However, this widespread public antipathy toward the Iran-backed militia is not guaranteed to last. This is not because there is a risk that the Houthis will rule Yemen competently and effectively to turn the tide of public opinion in their favor, nor is there a real risk that they can terrorize their Yemeni subjects into loving them. The risk is that the Houthis are working overtime to brainwash the next generation of Yemenis into becoming radical jihadists, in accordance with their extremist Shia ideology. While the older generations likely acknowledge that Yemen had and will likely continue to have its fair share of bad leadership and corrupt politicians, steps like radicalizing Yemeni children in order to turn them into cannon fodder is beyond the pale. 
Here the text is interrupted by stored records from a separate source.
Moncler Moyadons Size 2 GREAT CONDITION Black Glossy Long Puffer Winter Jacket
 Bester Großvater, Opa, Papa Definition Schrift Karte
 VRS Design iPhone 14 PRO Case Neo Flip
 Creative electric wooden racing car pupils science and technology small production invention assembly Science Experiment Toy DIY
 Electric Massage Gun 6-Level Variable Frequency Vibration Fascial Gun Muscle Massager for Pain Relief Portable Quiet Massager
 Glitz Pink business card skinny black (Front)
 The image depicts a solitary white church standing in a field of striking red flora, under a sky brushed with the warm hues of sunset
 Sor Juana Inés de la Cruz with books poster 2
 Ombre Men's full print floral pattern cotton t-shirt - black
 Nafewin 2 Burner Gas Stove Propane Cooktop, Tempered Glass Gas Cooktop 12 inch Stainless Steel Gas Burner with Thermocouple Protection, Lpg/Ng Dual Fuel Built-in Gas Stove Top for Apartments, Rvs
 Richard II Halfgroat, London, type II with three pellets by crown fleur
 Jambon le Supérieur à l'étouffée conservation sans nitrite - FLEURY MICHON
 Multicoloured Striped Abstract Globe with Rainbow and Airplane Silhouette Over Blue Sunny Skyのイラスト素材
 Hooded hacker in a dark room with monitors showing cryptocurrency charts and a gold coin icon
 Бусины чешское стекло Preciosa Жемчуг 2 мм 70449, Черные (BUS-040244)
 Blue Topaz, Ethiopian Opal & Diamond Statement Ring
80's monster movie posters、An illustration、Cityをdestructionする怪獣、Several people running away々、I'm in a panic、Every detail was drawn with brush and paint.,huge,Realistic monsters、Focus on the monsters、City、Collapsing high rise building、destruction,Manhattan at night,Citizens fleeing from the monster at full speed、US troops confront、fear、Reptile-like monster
On a strategic level, there is a window of opportunity for the West to take steps which would help Yemenis liberate themselves from the Houthi regime. If the West fails to take seriously the threat posed by the Houthi regime as well as the limited opportunity to eliminate it, public support for the Iran-backed terror group may well skyrocket, when those children the Houthis have inducted into military training summer programs eventually constitute the majority of the Yemeni population. Before Yemen is converted into a North Korea on the Red Sea, and while the Iran-led axis of resistance is on its backfoot, Sanaa is especially vulnerable to threats from within which can be magnified by pressure exerted by external actors who know how to identify and seize an opportunity.